NubeIO / driver-bacnet

0 stars 2 forks source link

No response from target device when device is accessible #121

Closed RaiBnod closed 2 weeks ago

RaiBnod commented 3 weeks ago

Version of driver-bacnet: v1.0.0-rc.5

1. See the MQTT request/response with errors

https://github.com/NubeIO/driver-bacnet/assets/6800775/187e41a2-fcd1-44b4-adf7-46fb4db9d07d

2. Mosquitto restart didn't help

https://github.com/NubeIO/driver-bacnet/assets/6800775/62ed8858-31d6-4b18-9fb8-c68e18e08163

3. driver-bacnet restart did the trick

https://github.com/NubeIO/driver-bacnet/assets/6800775/5fadef92-6467-4eb9-b01e-de84d0146a83

shomaglasang commented 3 weeks ago

Thanks @RaiBnod can you try read any object /properties from the target device or from other device as well if you get the same "no response" errror? And last one, how long did you encounter the "no response" error after restart driver-bacnet?

RaiBnod commented 3 weeks ago

As it was the client device, I can't hit commands.

Shiny380 commented 3 weeks ago

@RaiBnod do you have some ideas on how to replicate this? like disconnecting the slave device several times or for some period of time? or any indication that the slave device is very intermittent with it's connection?

NubeDev commented 3 weeks ago

@shomaglasang

Do you have an auto reconnect loop if you lose connection to the broker?

For example the broker is disable for 5 min and then restarted, do you have logic to handle this

RaiBnod commented 3 weeks ago

@RaiBnod do you have some ideas on how to replicate this? like disconnecting the slave device several times or for some period of time? or any indication that the slave device is very intermittent with it's connection?

If the slave device experiences intermittent connection issues, it fails to work after restarting driver-bacnet. However, it starts working immediately after the driver-bacnet restart. This suggests that something is causing the connections to be held up when we communicate with the slave device. For instance, if we are creating new connections each time and the number of connections grows too large, this issue might occur.

As for replicating the issue, I’ve been trying to reproduce it with our office device but haven’t been successful so far. However, Michael suggested that it might occur when he frequently switches between discovering points.

@shomaglasang

Do you have an auto reconnect loop if you lose connection to the broker?

For example the broker is disable for 5 min and then restarted, do you have logic to handle this`

It's responding No target response from target device in MQTT (also who API responding values), which highly suggests that it's not an issue with MQTT, though confirm it from your side @shomaglasang.

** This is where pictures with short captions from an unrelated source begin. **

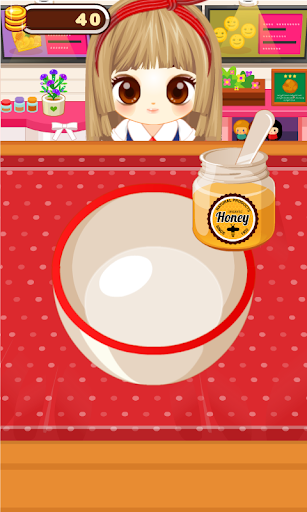 【免費休閒App】Judy's Potato chip Maker -Cook-APP點子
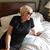 Diane Kemper Bixler's profile image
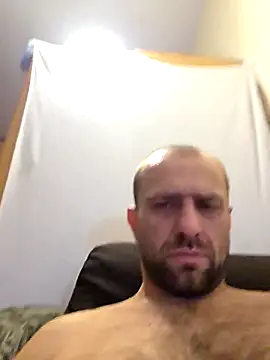 Snapshot of Roman0798 chatting on September 27, 12:04 am Roman0798 online show from September 27, 12:04 am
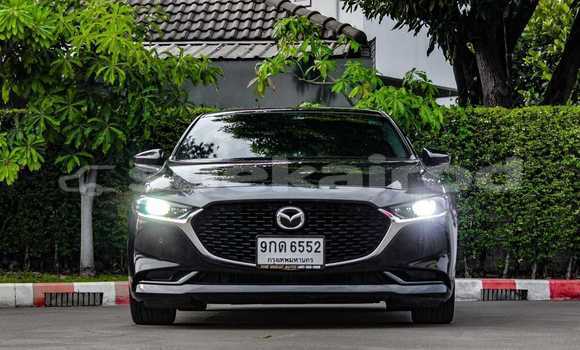 ซื้อ รถมือสอง Mazda 3 สีดำ รถยนต์ ใน %{เมือง} ใน บึงกาฬ ซื้อ รถมือสอง Mazda 3 สีดำ รถยนต์ ใน %{เมือง} ใน บึงกาฬ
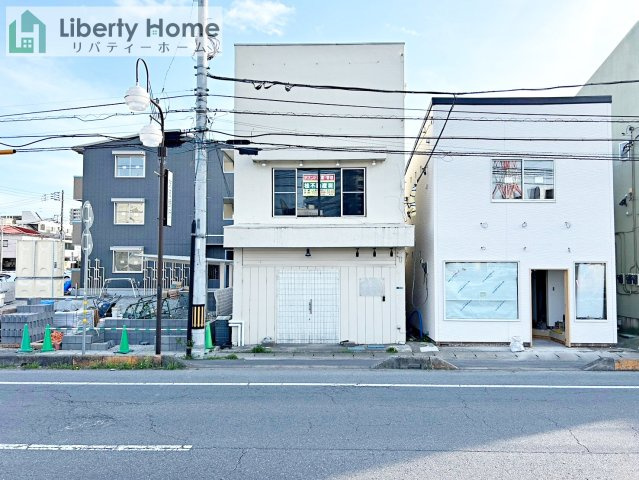 外観：308000148479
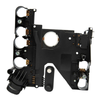 722.6 Mercedes Benz,Conductor Plate (BIN8N1)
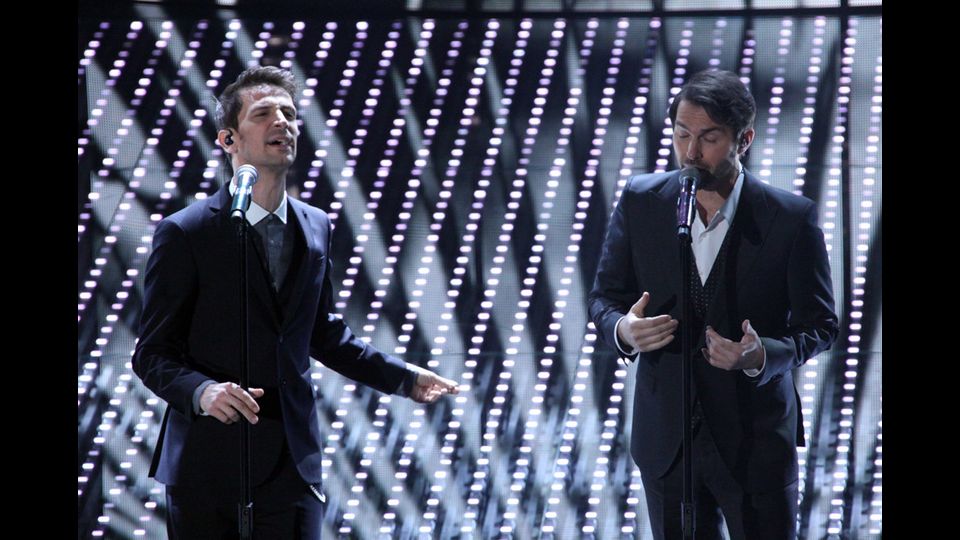 Zero Assoluto (Ravaglifoto)&nbsp;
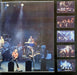 Various – The Andrew Durant Memorial Concert (2xLP) LP vinyl record, image 3 of 10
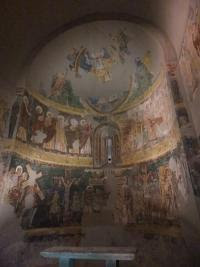 Free Image Hosting at www.ImageShack.us
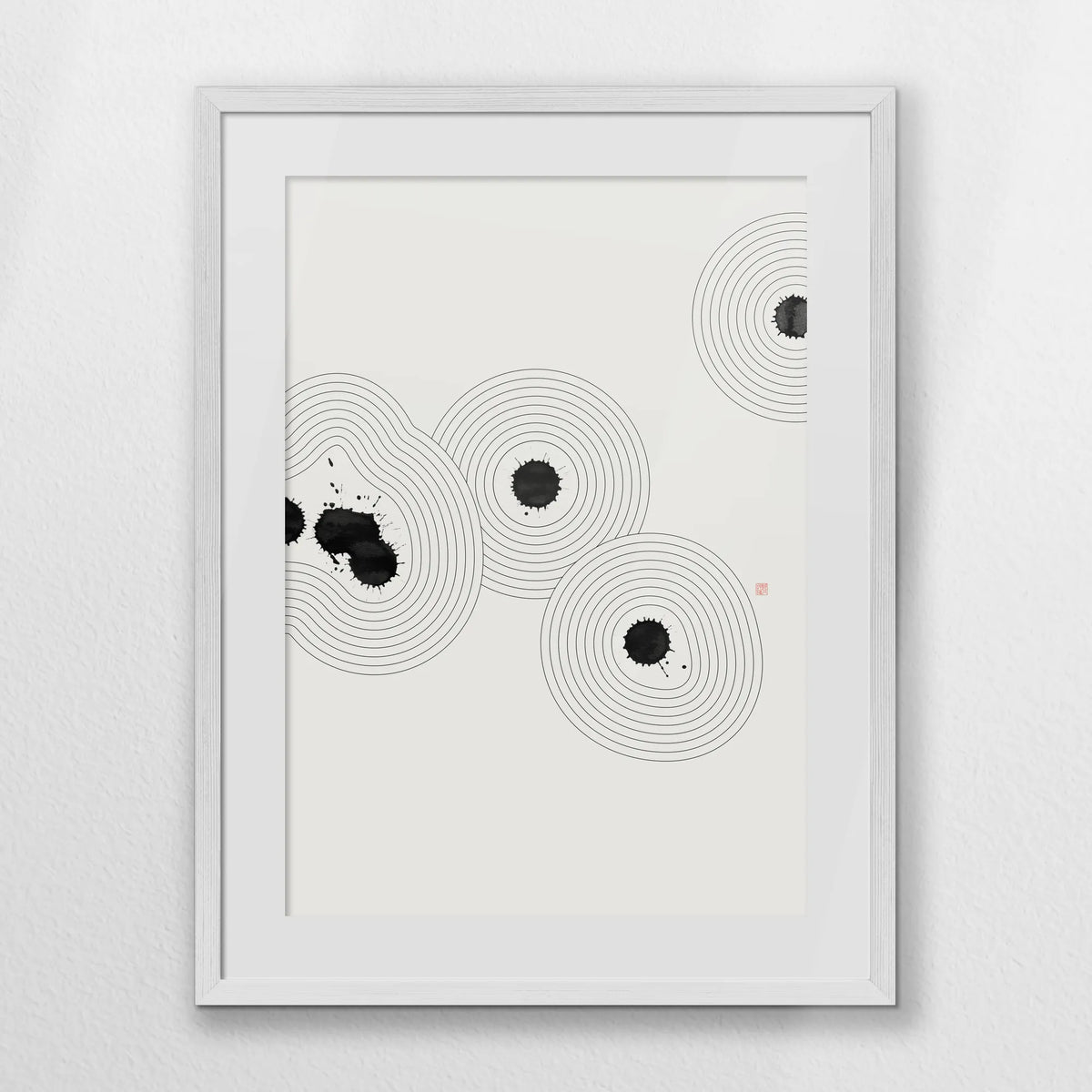 PWP050W070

shomaglasang commented 3 weeks ago

@NubeDev @RaiBnod yeah it reconnects when the MQTT connection goes down. But this one, the MQTT connection is good because it is able to read messages over MQTT and respond back with "no response" error. The problem looks like in the bacnet protocol. It didn't receive any reply from the specific MAC. Looks like it's internal routing engine is messed up. I'm checking this on 192.168.15.17 and my devel env but I need to replicate this first.

RaiBnod commented 3 weeks ago

@Ronnel I’ve been able to replicate it in our office device (192.168.15.17, sent video in slack):

So, after waiting for it for a while like 1 hour, it starts responding No response from target device.

Impression: When we request values from offline devices constantly, after a certain period it shows those issues.

shomaglasang commented 3 weeks ago

@NubeDev @RaiBnod This fix is included in v1.0.1. The bug was caused by un-freed transactions. The driver-bacnet supports up to 255 transactions pool. When a bacnet message is sent out (e.g. read or write request) to a device, one transaction is used from the pool and returned back (freed) when there is reply from the device. The problem is when there is no reply. This causes the transaction to be used up indefinitely until the pool is depleted. Once depleted no more messages can be sent unless the driver-bacnet is restarted. I fixed this by freeing the transaction when the request times out.

shomaglasang commented 3 weeks ago

WIll keep this open for a few days after running v1.0.1 on a couple of devices in production.

shomaglasang commented 2 weeks ago

Closing this now after a few days of testing the fix in production devices.